だから安心して冗談を言ってしまうんだよね。
「ねぇ、先生!後ろからハグしてみて!」
よく通る明るい声が診察室に響く。ちょうど窓から見える優しげな色合いの秋の空にはぴったりの音色だが、内容は随分困ったお願いだ。
「あおめくん、私はそう言った荒治療はしない主義だし、私の立場としてもとても問題になってしまうお願いだなぁ」
私がはぁ…とため息をついても、ニコニコと笑顔を絶やさないこの困った青年。
この子の担当医をしてから随分時は経ったが不思議と容姿は幼い時と変わらないあどけなさだ。

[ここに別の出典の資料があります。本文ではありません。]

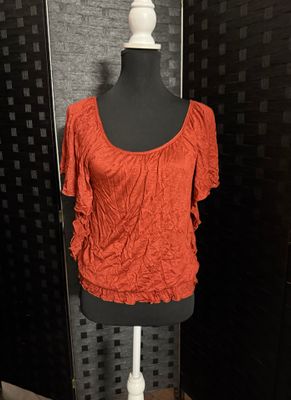 AP Scruncy Top (Small)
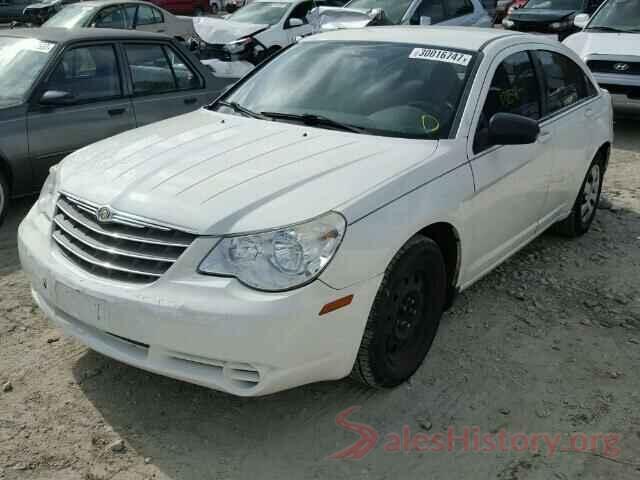 5NPD84LF2JH310365 2008 CHRYSLER SEBRING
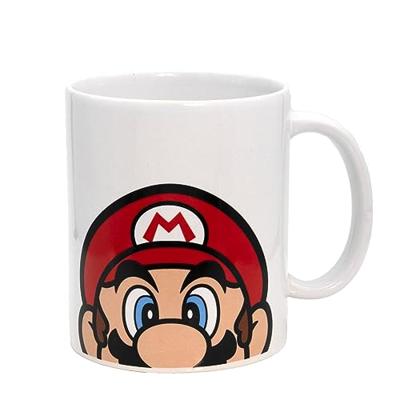 Undercover super mario mok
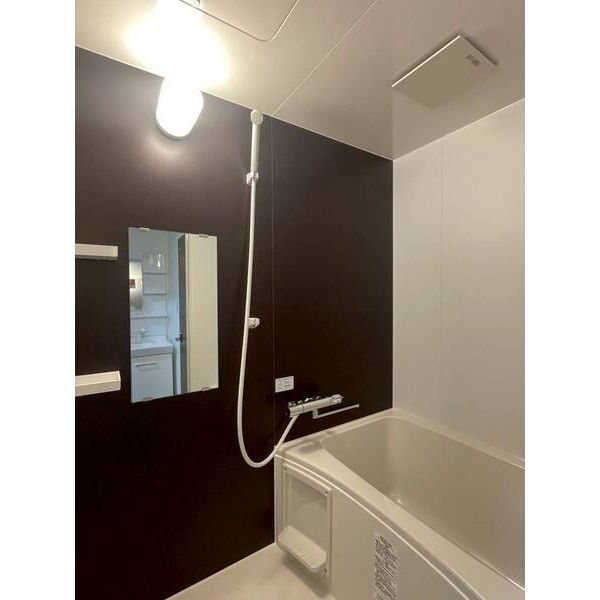 セレナードＦ 風呂画像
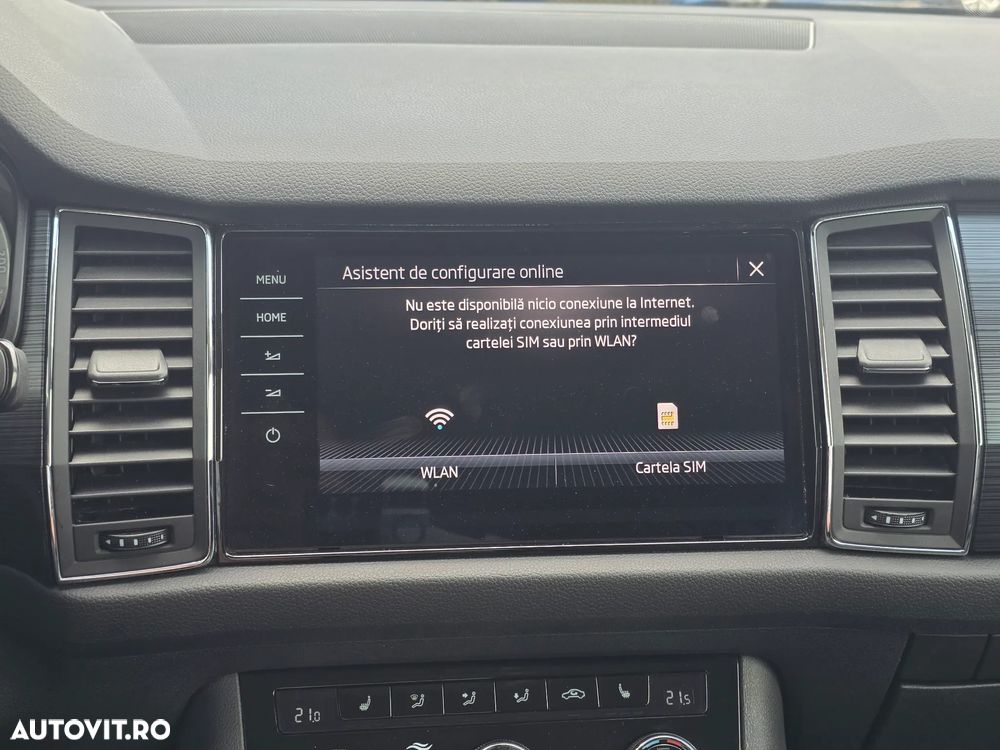 Skoda Kodiaq 2.0 TSI 4X4 DSG Soleil - 26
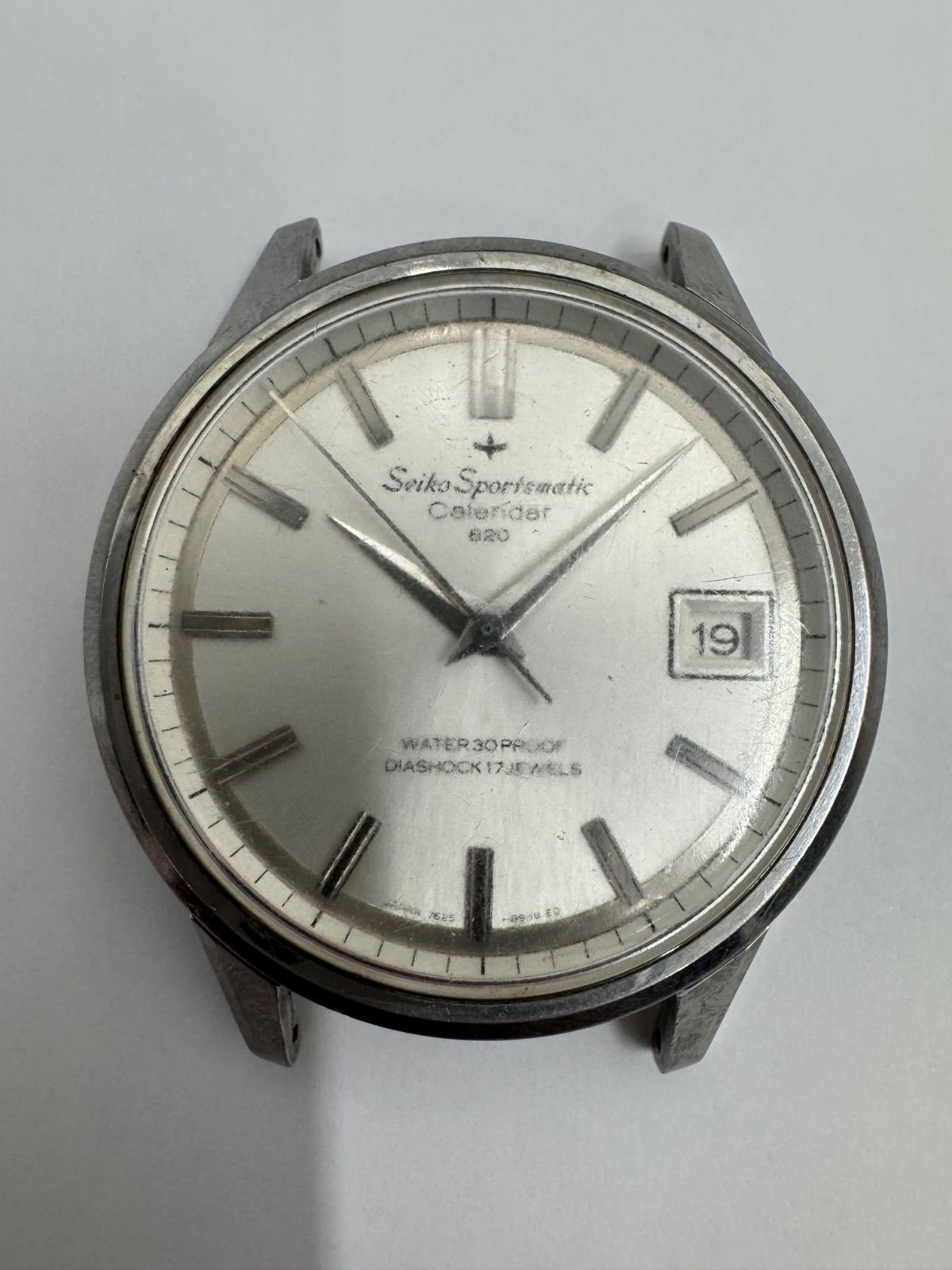 赤字超特価，2025 C【不動品・ジャンク扱い】Seiko セイコー スポーツ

「そう言うと思った。でも、ボクの初恋は先生だし、知らない人じゃないから怖くないと思ってさ」
なるほどなと思う部分もあるが…
「君が好きだった頃の私ではもう無いよ。君の苦手な中年のおじさんになってしまった。」
「…まぁ確かにせんせー老けたねぇ〜同年代の人達と比べたら綺麗な方だとは思うけど」
悪戯に手を伸ばし、私の白髪混じりの短い前髪を指でくるくるといじる
「こーら、やめなさい」
軽く叱ると、ごめんなさーいとまたもや明るい声で悪戯をやめる。昔からする悪戯だ。
「知り合いの方のシェアハウスはどうだい?
一人暮らしの時よりかは幾分マシと前回は言ってたけど」
「楽しいよ!いろーんな人が居て、たまーにえっちなこともしてる!」
彼はあっけらかんと楽しそうに話すが、私は頭を抱えてしまった。昔から素直な子ではあるが…どこかで治療方法を間違えたのだろうか…

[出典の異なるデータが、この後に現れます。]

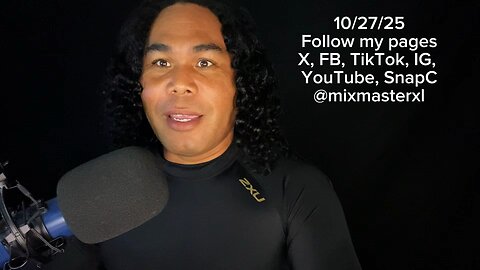 Another reminder again; A week after Nov1st 2025 it’s going to get chaotic over food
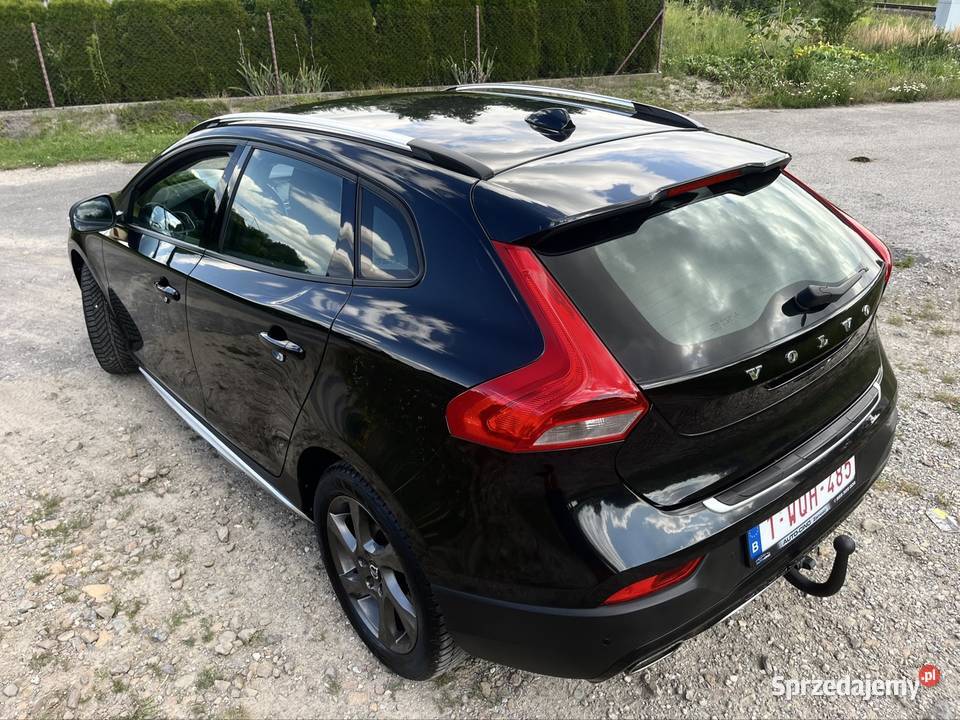 Cross Country Automat Navi Zamiana Zamość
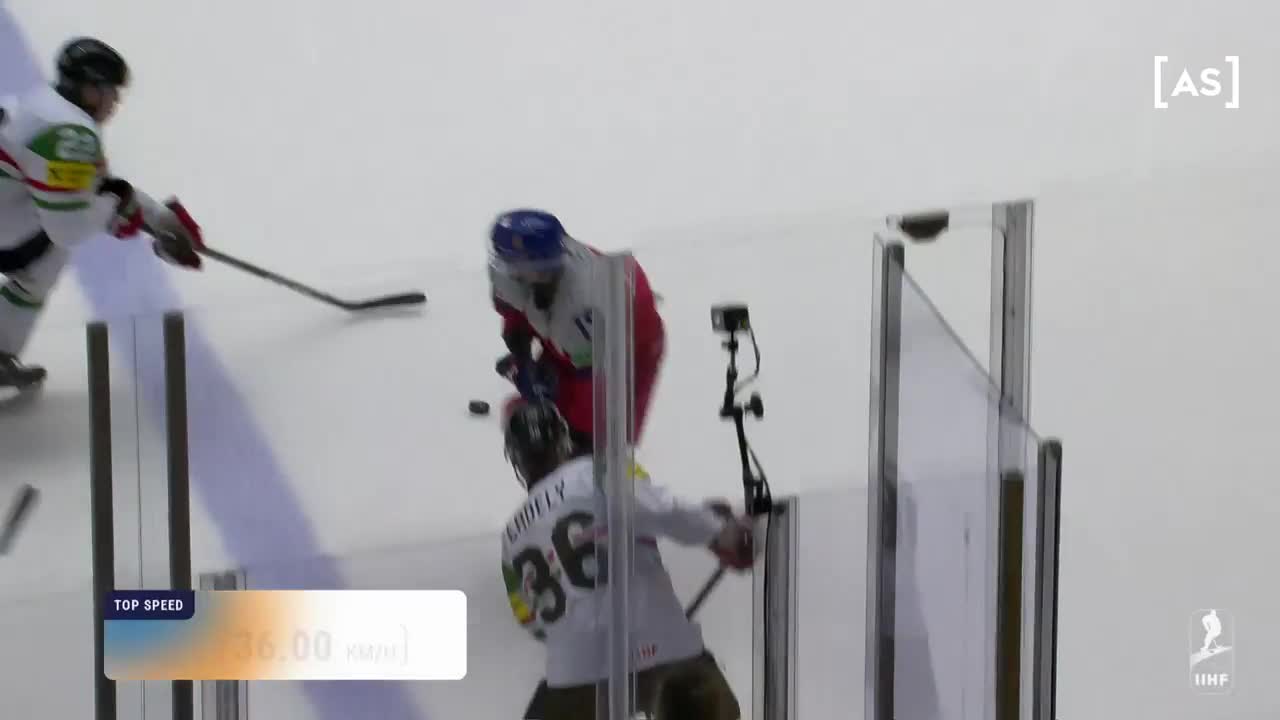Campionatul Mondial de hochei | Suedia & Danemarca 2025 | Cehia - Ungaria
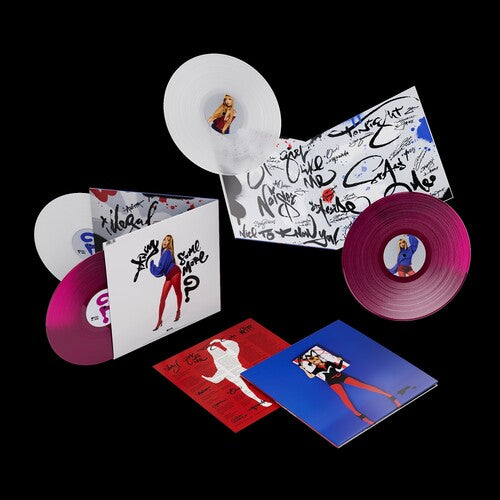 PINKPANTHERESS -  Fancy Some More? (Clear Vinyl, Purple, Gatefold LP Jacket)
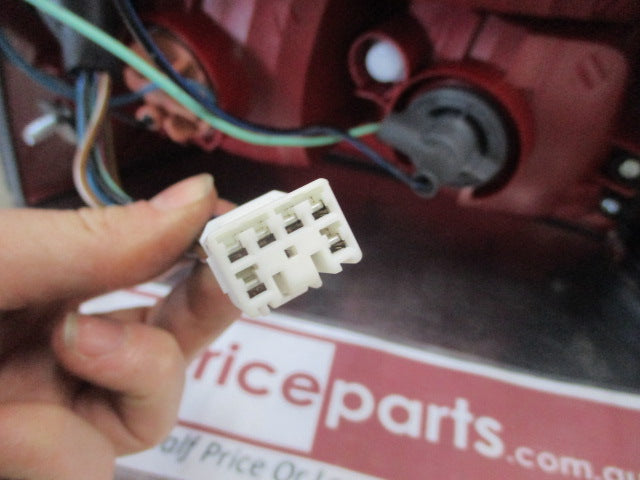Holden WK Statesman Caprice Genuine Right Hand Rear Tail Light Assembly New Part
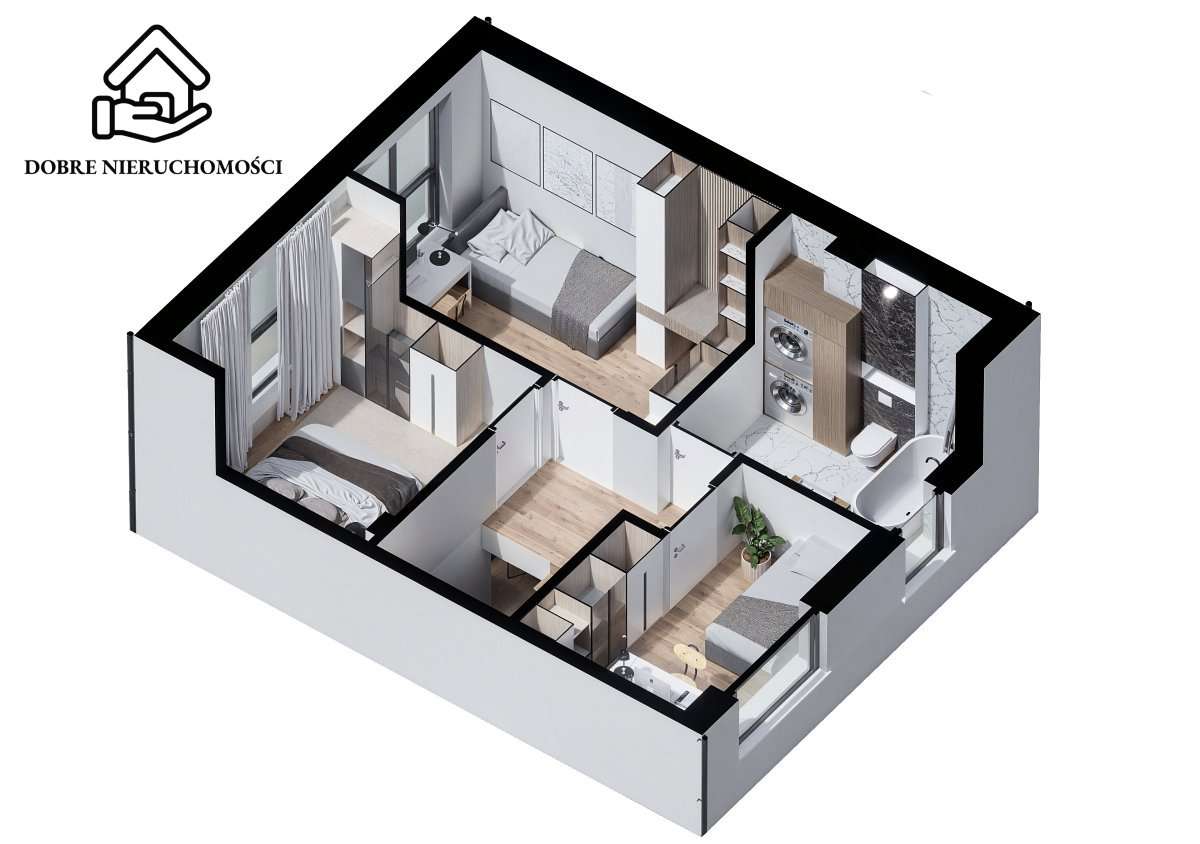 Szerokie - skrajny segment. Wysoki standard. - Pełny obrazek: 5/7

「コホン、また怖い目に合わないためにも、自分をもっと大事にしてほしいけど…難しいかな?」
そう私が訊いてみると、彼の表情は曇る。
ん〜…と拗ねた子供のように口を尖らせて言葉を探している様だ。
「……自分を大事にするとかよくわかんない。」
幼少期の傷があまりにも繊細な心に深く深く残ってしまっているのか、あまり自分を大事にしてくれない。

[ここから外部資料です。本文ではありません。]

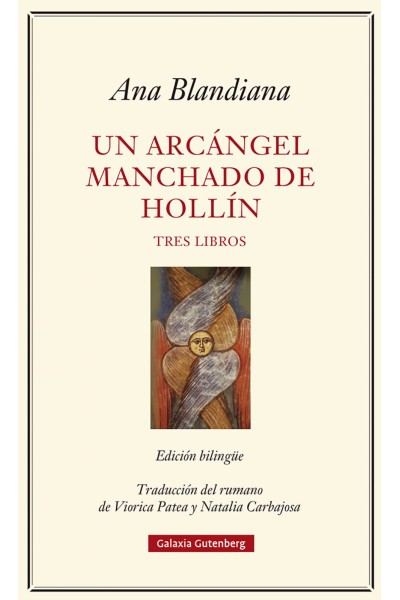 UN ARCÁNGEL MANCHADO DE HOLLÍN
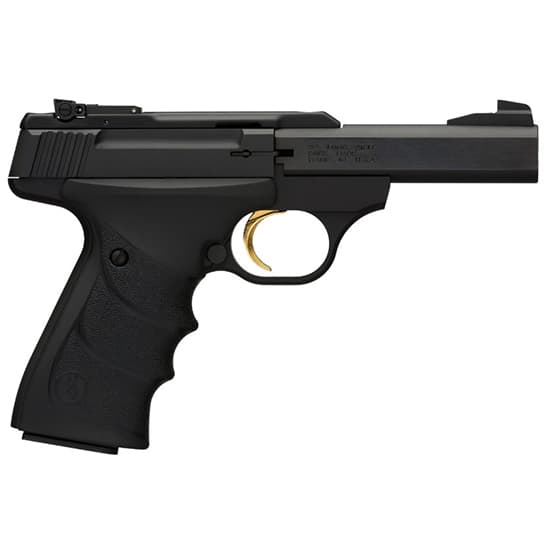 Browning Buck Mark Standard Micro 22 Long Rifle 4 Inch 10 Rounds Matte Finish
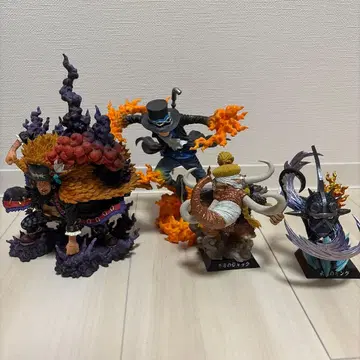 원피스 피규어 묶음 판매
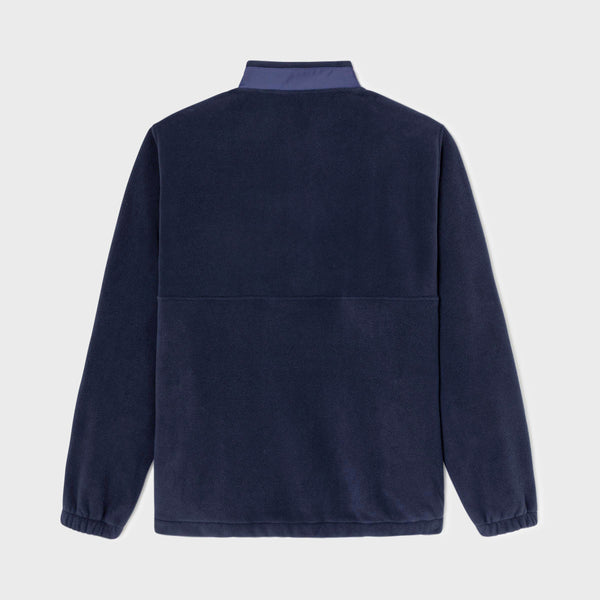BILLYBELT Unisex Fleece Sweatshirt in Navy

「…この話はここでおしまいにしよう。シェアハウスの人達について教えてくれないかい?」
俯いていた目に少しだけ光が宿る。
「良いよ!!もうね〜みんな個性豊かなんだぁ〜!誰からお話しようかな!?」
わくわくしたように楽しげに仲間たちを彼らしい表現で紹介していく。
次回の診察には、どんな変化があるだろうか?なんだか私も楽しみにしている。